Exercise instructions: Return the listing verbatim, images left out.

Raw data:
%%
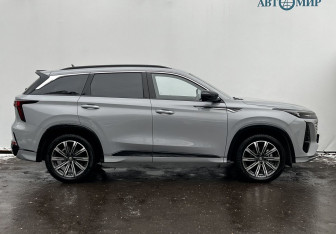 Подержанный автомобиль Changan CS75PLUS 2024 года (4 фото)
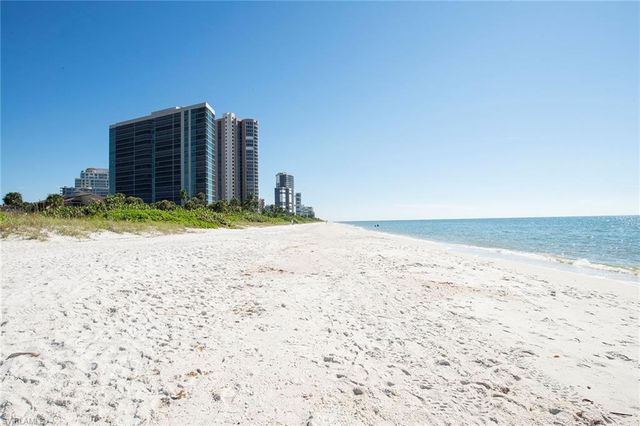 4401 Gulf Shore BLVD N 1007, Naples, FL 34103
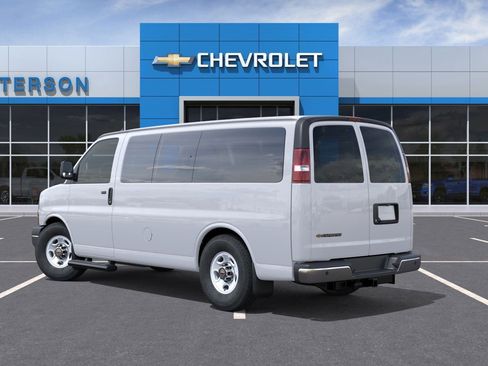 New 2026 Chevrolet Express 2500 LT image 6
%%
Result of the task:
 Подержанный автомобиль Changan CS75PLUS 2024 года (4 фото)
 4401 Gulf Shore BLVD N 1007, Naples, FL 34103
 New 2026 Chevrolet Express 2500 LT image 6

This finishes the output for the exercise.